While I saw started to scan the paper dolls, I noticed that one of my favorite sets had 5 dolls in their skivvies, each with a name and wardrobe for at least work, sleep, and play. My brain started to connect the metaphor of paper dolls that we dress in paper clothes for different scenes that we imagine them playing out. The clothes and arming ourselves with the skills we need to heal and build lives worth living. There are elements of DBT and the IOP program I did that get back to paper, journaling, filling out worksheets, and fun stickers used to reward each other in the group when we saw each other using skills as yet another way to practice and reinforce them. Something about the way DBT liberated us from suffering, and the freedom to enjoy things that delight my inner child and opened me to some creative elements and multidimensional relationships to the skills and building a life worth living that was filling my heart and lifting my soul.
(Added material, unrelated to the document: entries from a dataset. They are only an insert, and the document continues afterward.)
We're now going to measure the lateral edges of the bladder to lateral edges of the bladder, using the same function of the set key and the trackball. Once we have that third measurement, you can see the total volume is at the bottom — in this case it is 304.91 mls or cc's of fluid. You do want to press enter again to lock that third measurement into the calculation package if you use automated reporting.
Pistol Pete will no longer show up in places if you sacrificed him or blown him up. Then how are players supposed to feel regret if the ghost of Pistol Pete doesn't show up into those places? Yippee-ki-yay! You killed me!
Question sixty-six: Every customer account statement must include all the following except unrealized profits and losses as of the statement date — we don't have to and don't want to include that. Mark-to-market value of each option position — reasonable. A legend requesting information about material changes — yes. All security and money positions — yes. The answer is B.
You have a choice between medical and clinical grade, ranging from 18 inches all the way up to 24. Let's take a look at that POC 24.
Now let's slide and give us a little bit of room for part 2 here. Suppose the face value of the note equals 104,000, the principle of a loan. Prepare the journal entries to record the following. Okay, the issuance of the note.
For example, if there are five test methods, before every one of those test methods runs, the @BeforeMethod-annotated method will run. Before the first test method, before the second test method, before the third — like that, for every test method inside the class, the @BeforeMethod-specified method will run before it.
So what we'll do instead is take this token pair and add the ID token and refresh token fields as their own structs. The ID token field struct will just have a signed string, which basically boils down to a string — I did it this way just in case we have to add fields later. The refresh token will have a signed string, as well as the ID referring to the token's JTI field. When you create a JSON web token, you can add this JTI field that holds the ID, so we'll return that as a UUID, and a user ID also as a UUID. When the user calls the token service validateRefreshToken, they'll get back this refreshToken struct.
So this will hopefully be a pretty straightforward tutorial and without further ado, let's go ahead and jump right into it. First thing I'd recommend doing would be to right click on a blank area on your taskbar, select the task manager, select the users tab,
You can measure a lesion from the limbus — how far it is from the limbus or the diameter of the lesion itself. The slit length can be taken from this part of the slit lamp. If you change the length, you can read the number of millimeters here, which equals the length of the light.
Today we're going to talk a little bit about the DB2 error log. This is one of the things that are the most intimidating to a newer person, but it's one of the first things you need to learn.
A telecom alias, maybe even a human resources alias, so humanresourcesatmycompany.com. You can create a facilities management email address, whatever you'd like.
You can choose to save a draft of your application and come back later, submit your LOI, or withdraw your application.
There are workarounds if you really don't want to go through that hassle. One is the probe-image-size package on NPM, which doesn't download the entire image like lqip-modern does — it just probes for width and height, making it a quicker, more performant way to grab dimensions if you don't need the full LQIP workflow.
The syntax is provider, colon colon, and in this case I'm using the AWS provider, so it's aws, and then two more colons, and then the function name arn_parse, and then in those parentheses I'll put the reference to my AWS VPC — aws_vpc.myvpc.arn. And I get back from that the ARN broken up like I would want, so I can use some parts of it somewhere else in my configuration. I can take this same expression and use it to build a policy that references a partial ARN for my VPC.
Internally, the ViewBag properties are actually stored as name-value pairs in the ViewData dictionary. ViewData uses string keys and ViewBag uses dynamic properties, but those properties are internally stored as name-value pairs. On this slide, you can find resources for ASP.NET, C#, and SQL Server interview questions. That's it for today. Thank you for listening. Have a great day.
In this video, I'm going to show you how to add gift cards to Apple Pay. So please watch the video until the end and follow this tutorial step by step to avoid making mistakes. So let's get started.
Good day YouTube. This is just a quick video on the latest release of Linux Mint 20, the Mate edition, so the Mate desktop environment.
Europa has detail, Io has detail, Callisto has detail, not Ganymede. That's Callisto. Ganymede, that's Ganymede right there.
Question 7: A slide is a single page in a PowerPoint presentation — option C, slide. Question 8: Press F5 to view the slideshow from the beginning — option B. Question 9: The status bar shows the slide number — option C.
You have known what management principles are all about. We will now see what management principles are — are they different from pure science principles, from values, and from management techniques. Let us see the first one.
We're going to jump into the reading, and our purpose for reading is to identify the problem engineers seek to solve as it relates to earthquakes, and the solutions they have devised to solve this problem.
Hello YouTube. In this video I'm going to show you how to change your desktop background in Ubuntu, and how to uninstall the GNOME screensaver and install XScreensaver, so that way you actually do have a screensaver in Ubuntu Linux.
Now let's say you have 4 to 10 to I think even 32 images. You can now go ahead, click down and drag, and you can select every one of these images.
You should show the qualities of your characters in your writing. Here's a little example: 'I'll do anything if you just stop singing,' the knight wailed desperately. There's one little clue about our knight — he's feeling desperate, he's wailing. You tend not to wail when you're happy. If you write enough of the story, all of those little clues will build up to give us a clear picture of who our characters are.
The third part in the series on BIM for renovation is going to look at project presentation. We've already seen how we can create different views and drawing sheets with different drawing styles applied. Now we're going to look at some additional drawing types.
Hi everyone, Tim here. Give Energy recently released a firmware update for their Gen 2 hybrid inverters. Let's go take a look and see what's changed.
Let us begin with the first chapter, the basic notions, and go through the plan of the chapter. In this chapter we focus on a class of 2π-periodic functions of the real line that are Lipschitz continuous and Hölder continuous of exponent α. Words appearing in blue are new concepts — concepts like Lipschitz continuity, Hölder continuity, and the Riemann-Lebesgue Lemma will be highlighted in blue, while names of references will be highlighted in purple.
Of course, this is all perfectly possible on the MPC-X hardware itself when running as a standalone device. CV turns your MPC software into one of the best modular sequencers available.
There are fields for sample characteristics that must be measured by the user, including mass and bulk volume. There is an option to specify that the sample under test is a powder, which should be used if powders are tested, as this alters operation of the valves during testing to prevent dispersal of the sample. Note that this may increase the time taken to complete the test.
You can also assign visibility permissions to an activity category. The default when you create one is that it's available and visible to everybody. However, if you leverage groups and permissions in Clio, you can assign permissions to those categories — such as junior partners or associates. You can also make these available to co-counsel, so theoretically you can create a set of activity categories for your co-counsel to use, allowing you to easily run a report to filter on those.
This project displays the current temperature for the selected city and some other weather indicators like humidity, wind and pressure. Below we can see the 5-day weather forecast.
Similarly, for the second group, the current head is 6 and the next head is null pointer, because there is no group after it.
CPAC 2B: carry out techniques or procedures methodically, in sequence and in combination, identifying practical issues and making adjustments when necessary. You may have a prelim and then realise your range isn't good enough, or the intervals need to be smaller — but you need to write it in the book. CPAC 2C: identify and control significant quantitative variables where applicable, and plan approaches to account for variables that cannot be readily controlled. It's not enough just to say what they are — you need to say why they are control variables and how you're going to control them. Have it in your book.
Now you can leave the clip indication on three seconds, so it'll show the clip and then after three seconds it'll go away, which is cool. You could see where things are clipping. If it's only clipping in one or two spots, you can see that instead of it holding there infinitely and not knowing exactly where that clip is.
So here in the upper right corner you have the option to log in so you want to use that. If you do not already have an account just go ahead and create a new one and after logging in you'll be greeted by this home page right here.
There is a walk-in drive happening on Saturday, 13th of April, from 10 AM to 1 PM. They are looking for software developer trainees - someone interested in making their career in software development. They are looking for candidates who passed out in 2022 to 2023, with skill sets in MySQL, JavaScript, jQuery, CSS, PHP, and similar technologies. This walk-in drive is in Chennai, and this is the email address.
Inspired by the skills for better living and while assembling the wardrobes of the dolls in a digital format, I started to think about dressing the dolls as if they were working the skills. I started thinking of the dolls without clothes as mindfulness, work clothes as interpersonal effectiveness, formal dresses as emotional regulation, and pajamas for Distress Tolerance. Then I added a few images of items represented using the skills, such as a sleep mask and alarm clock for self-soothing, a journal for mindfulness, and the like to the accessories available to the dolls. The dolls and their wardrobes could align with the four areas of DBT. Maybe, with the help of my creative friends, sister, and community members, we could make a little website that helps make recovery resources simple and accessible, connects commonalities between 12-step programs and mental health treatment modalities, and lets us share our stories of healing.


The phrase "Come to Find Out" captures the spirit of organizing recovery and better living resources such that more of us can access it, as in you can find helpful resources here. It also represents the moments in our journeys when we learn something critical to our recovery. It is a connecting statement between two different states, much like dialectics. "Come to find out" is the moment in a story when things begin to change. DBT, CBT, EMDR, and 12-step programs teach that change is possible. I hope that everyone that needs trauma recovery from themselves or a loved one can find it and heal. I hope the site and its resources help us continue to practice the skills and the steps that keep us well.


What do you think? Did you love paper dolls at any time in your life? Do you think the dolls make sense for mental health and trauma recovery, or do they need some more work?